A eso se suman los problemas que ha tenido el FA en los últimos dos años, con fuertes discusiones internas, tensión permanente entre dos corrientes ideológicas y hasta escisiones más o menos relevantes por luchas de poder. Esto también obedece a ese complejo entramado de poder en la izquierda y a los problemas de liderazgo que tiene el FA (ver página 11).
Según el analista político Daniel Chasquetti, el poder dentro del FA está dividido en dos grupos: el MPP por un lado y el Frente Líber Seregni por otro.
Un ejemplo de los problemas que le genera a Mujica el compromiso con el MPP y los comunistas está en la educación. El presidente pretende introducir cambios importantes y para ello buscó y consiguió un acuerdo con la oposición. Pero este acuerdo enfrenta resistencias en una parte del MPP y en los comunistas, sobre todo a nivel sindical, donde ambos sectores son fuertes.
El doble voto para el presidente del Codicen (que puede llegar a ser triple), la autonomía para UTU y una mayor independencia de los centros de estudio son decisiones que Mujica adoptó con la oposición sabiendo que no tenía todo el apoyo en su partido, sobre todo entre comunistas y dirigentes del MPP.
Por todo esto, dice Chasque-tti, Mujica comenzó a “tomar distancia” de su sector en el partido de gobierno, más aún después de que el MPP eligió a un hombre de sus filas para presidir a la coalición de izquierda.
Para el analista político, Mujica “debería comenzar a tomar decisiones desde el gobierno prescindiendo del partido”. Y hacia esa estrategia parece encaminarse el presidente, lo que se hará más evidente a medida que se acerque el final de su mandato.

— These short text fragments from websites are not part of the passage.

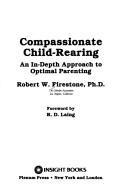Cover of: Compassionate child-rearing: an in-depth approach to optimal parenting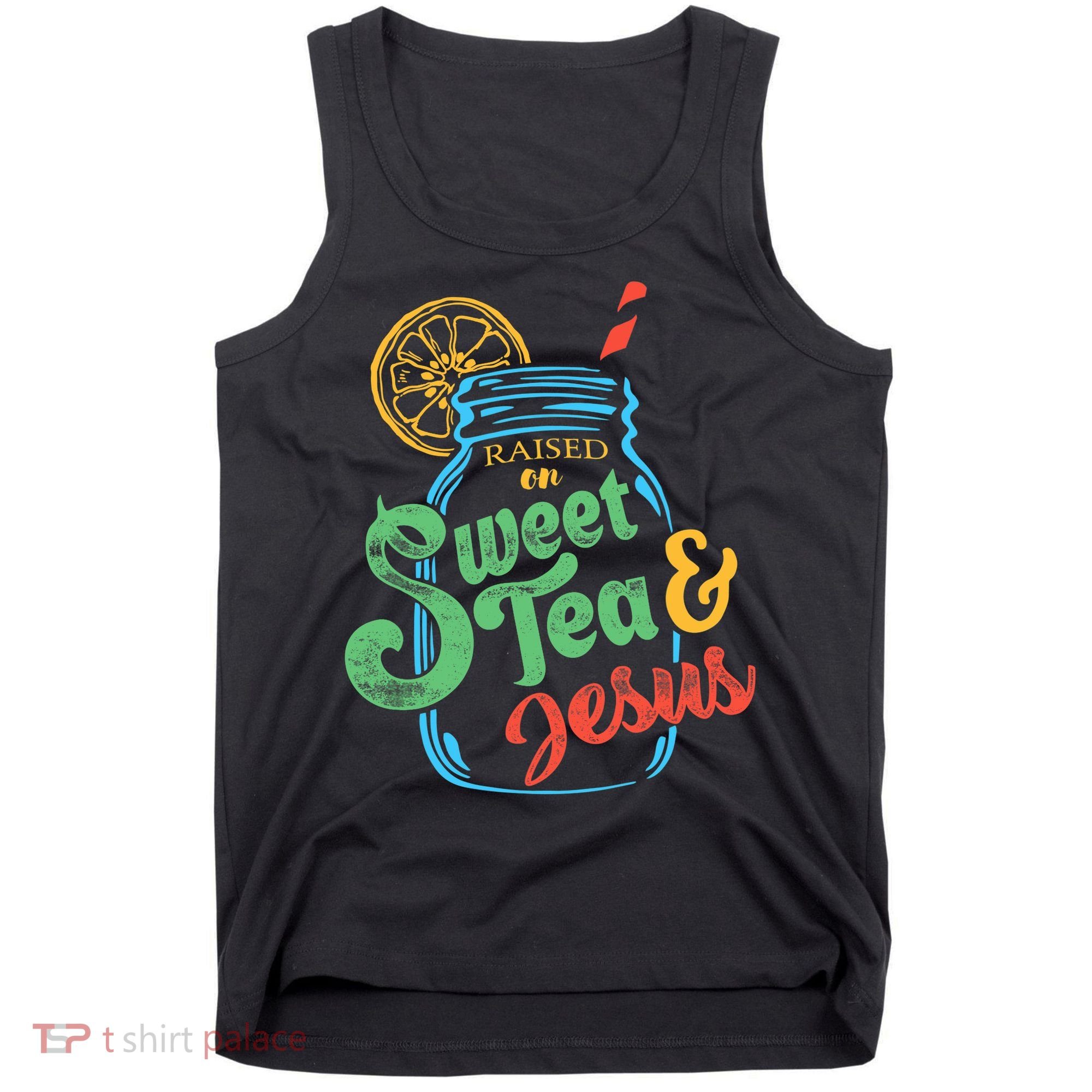 Raised On Sweet Tea & Jesus Tank Top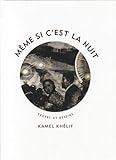 Et même si c'est la nuit by 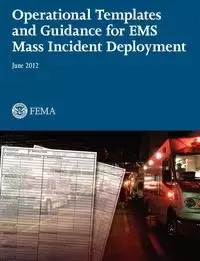 Operational Templates and Guidance for Mass EMS Incident Deployment. - Federal Emergency Management Agency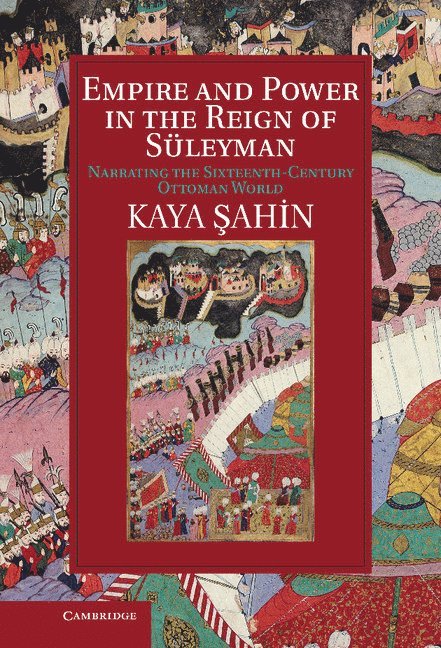 Kaya Şahin, Kaya (Indiana University) Sahin, I. Kaya Ahin, Kaya Ahin, Kaya Osahin - Empire and Power in the Reign of Süleyman, Inbunden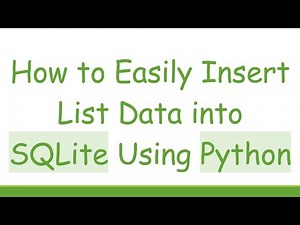 How to Easily Insert List Data into SQLite Using Python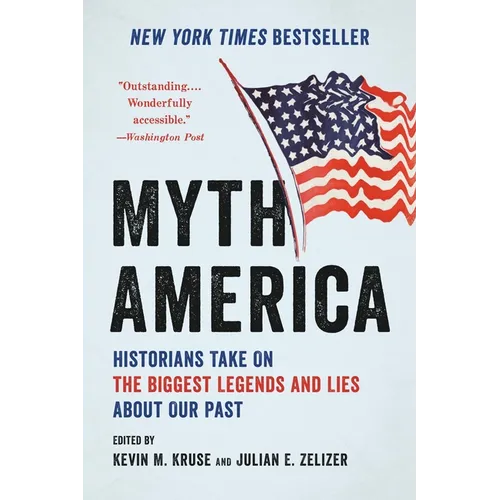 Myth America: Historians Take on the Biggest Legends and Lies about Our Past - Paperback
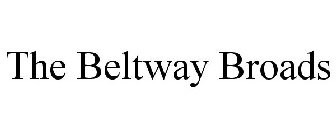 THE BELTWAY BROADS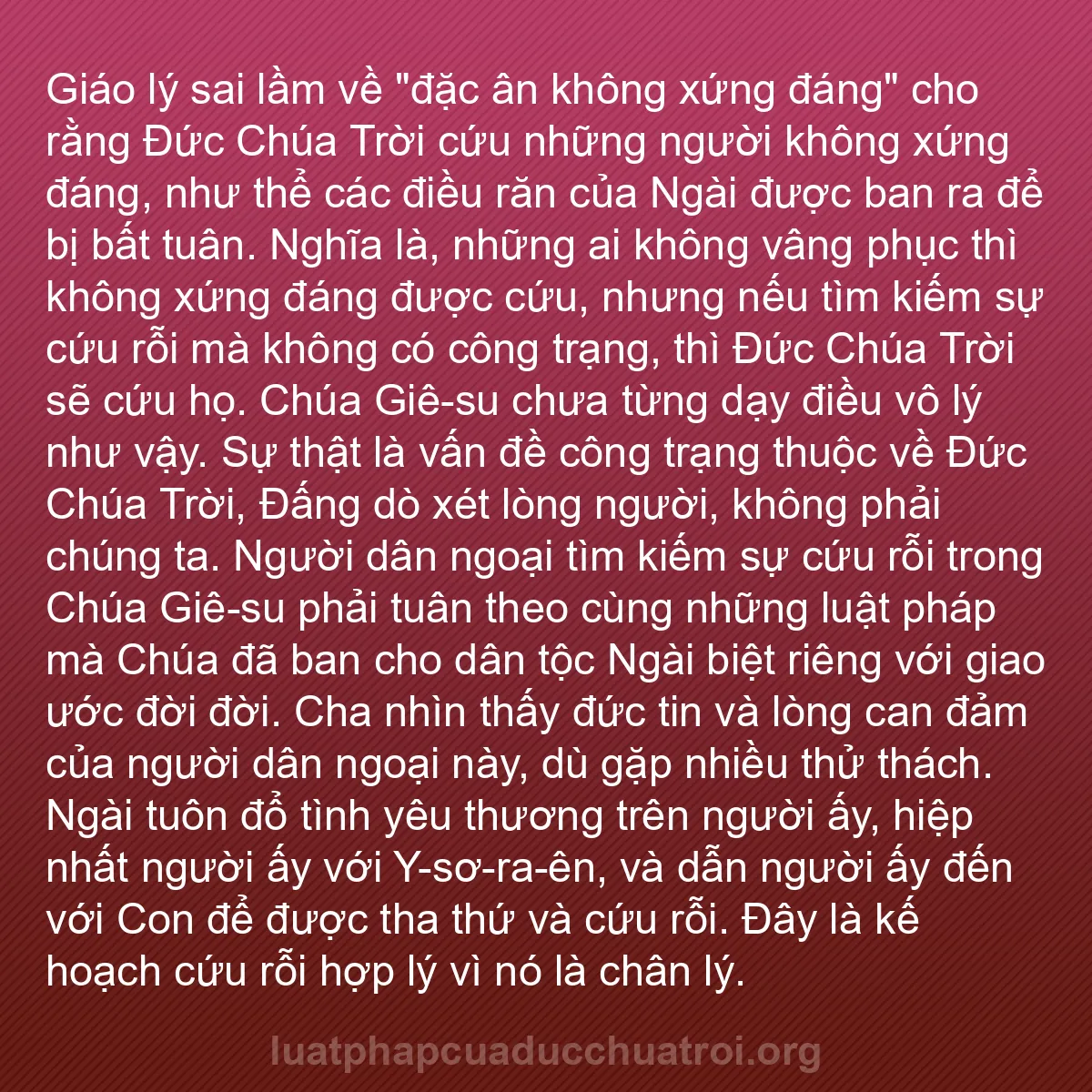 b0119 - Bài đăng về Luật pháp của Đức Chúa Trời: Giáo lý sai lầm về "đặc ân không xứng đáng" cho rằng Đức Chúa...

El también analista político Antonio Cardarello dijo el jueves a El Observador que cuando un presidente no puede acceder a la reelección inmediata pierde poder y se aleja de su partido.

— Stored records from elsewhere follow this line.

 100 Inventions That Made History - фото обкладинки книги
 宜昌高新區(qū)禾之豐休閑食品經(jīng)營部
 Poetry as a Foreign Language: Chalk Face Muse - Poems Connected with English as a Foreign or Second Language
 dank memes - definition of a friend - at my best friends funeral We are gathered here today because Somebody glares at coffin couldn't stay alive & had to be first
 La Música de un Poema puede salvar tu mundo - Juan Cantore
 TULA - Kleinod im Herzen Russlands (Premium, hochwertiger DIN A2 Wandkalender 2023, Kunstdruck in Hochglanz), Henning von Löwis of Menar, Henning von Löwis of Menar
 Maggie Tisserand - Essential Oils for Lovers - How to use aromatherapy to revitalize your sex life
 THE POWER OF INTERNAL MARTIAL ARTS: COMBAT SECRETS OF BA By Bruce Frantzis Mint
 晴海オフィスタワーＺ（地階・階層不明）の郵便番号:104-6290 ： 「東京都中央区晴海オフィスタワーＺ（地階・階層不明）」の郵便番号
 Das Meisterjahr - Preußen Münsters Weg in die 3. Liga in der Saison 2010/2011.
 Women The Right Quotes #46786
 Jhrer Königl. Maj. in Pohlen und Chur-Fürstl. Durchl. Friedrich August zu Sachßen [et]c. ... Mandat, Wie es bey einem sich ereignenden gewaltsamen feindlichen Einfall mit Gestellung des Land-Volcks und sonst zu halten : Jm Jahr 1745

En esa línea, Chasquetti recuerda que a los presidentes “les va mejor cuando toman distancia de su partido, de su sector”.

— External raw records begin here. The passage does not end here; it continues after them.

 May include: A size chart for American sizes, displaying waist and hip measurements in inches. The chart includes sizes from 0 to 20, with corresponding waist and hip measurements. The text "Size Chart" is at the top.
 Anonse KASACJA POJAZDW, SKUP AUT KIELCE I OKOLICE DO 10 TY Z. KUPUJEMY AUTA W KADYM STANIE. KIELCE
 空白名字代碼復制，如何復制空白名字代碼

La semana pasada varios analistas y dirigentes del FA coincidieron en señalar el distanciamiento creciente que había entre Mujica y una parte –al menos– del MPP, como consecuencia de todo lo antedico. Desde el entorno del presidente se advirtió que el MPP estaba complicando a Mujica con sus decisiones y que eso llevó al mandatario a pensar en la creación de un nuevo espacio político dentro del FA, por fuera del MPP. En los planes de Mujica está promover a Raúl Sendic (presidente de ANCAP) como su sucesor. Rodearlo de dirigentes afines, que no le pongan piedras en el camino es la estrategia. Si podrá, está por verse.